- [BRIEF]:
Once you find the line containing "valentino giraffe print", set down exactly that line and every one after it through the end of the listing below, with both ends included and any pictures omitted.

- [SOURCE MATERIAL]:
----

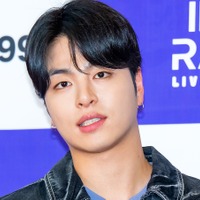 入隊控え“坊主姿”に！iKON・JU-NE、メンバーとの敬礼ショット公開「元気に行ってきます」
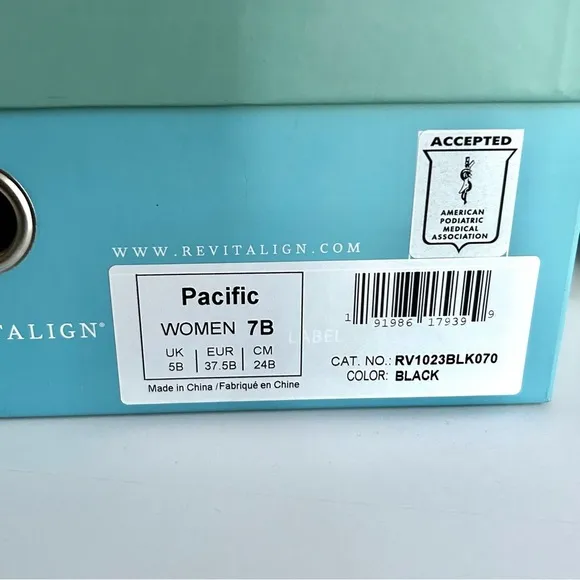 🌸NEW IN BOX Revitalign Women’s Orthotic Sneakers. Size: 7 Black &amp; Tan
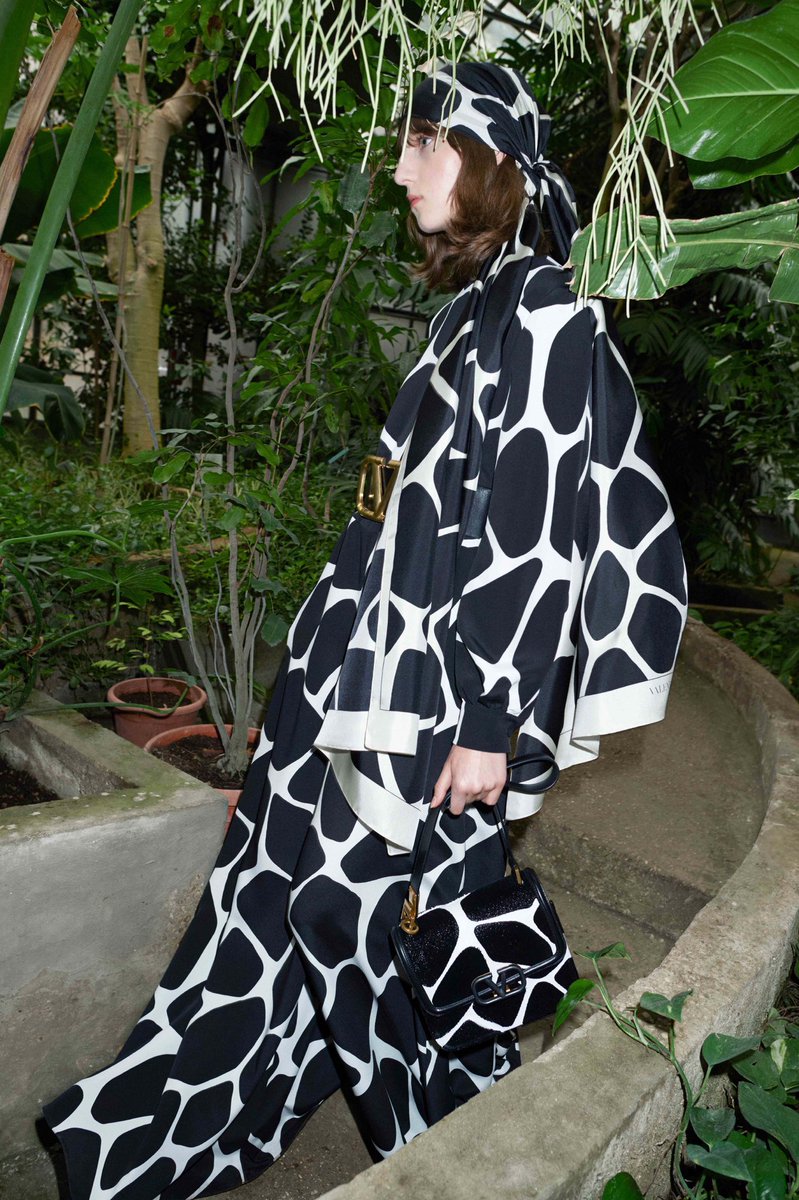 valentino giraffe print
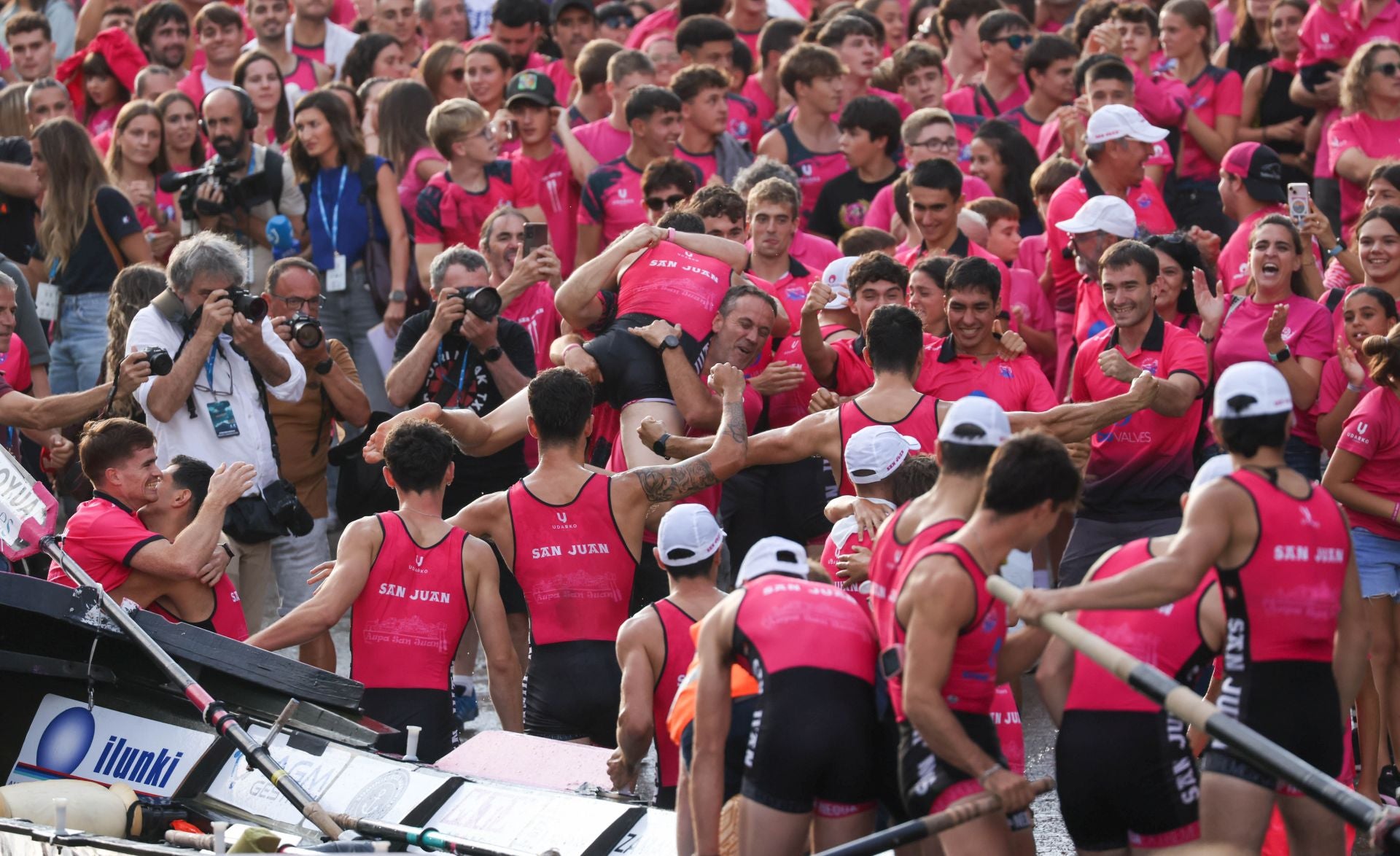 La marea rosa invade Donostia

----

- [EXERCISE OUTPUT]:
 valentino giraffe print
 La marea rosa invade Donostia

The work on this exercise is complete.